I wouldn't let that stop you, there is more traffic to deal with on the weekends and just need to be more cautious descending. Being that it's after Labor Day, I am sure it will have calmed down a bit too. 

.


----------



## Rogus (Nov 10, 2010)

I didn't realize the gates don't open until 8:00. I happened to do it last time the same day as the DMD and the gates were open when I went through about 6:00. After all of the help I have been given with planning, I don't want to start that late. 

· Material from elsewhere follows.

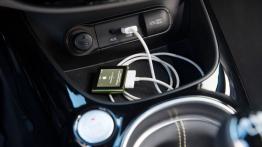Kia Soul II (2014) - gniazda multimedialne w konsoli środkowej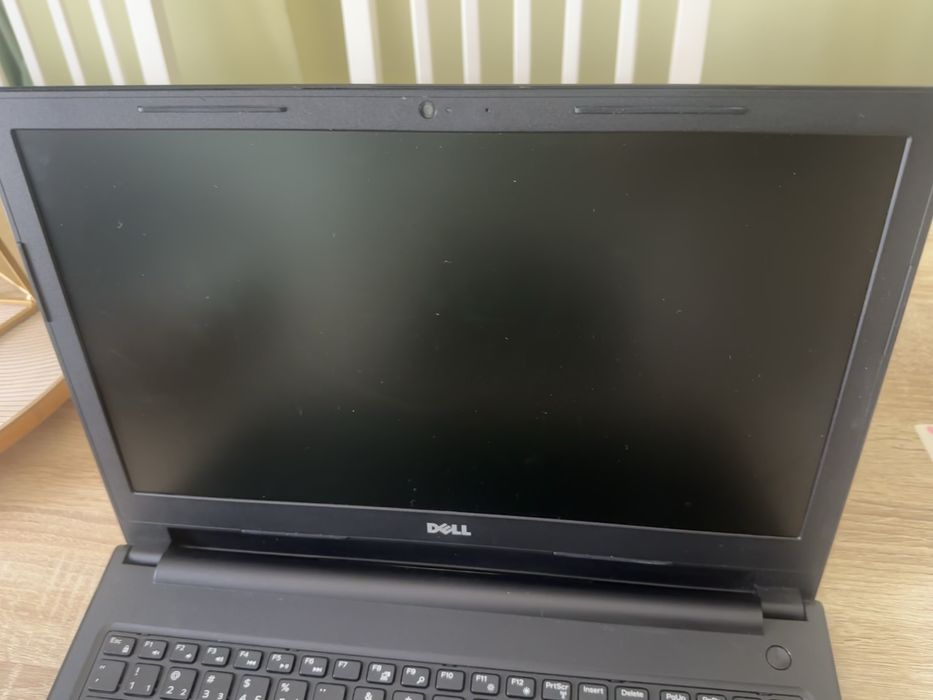Portátil Dell Inspiron i3 8GB RAM SSD 512GB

Thanks anyway to everybody.


----------



## Rogus (Nov 10, 2010)

Never ending questions. What about hopping the gate? Is that an issue subject to ticketing/fines?


----------



## MoPho (Jan 17, 2011)

I had been told some in the past that you can get fined for it, but I've frequently seen people coming down the mountain when I have been there at 8.
I also asked someone I know who was a ranger on the mountain and he said that the park technically opens at 8am but the NG opens for staff around 7:10 and it is ok to enter if the gate is open. SG opens later


.


----------



## Rogus (Nov 10, 2010)

MoPho said:


> I had been told some in the past that you can get fined for it, but I've frequently seen people coming down the mountain when I have been there at 8.
> I also asked someone I know who was a ranger on the mountain and he said that the park technically opens at 8am but the NG opens for staff around 7:10 and it is ok to enter if the gate is open. SG opens later.


Thanks again.


----------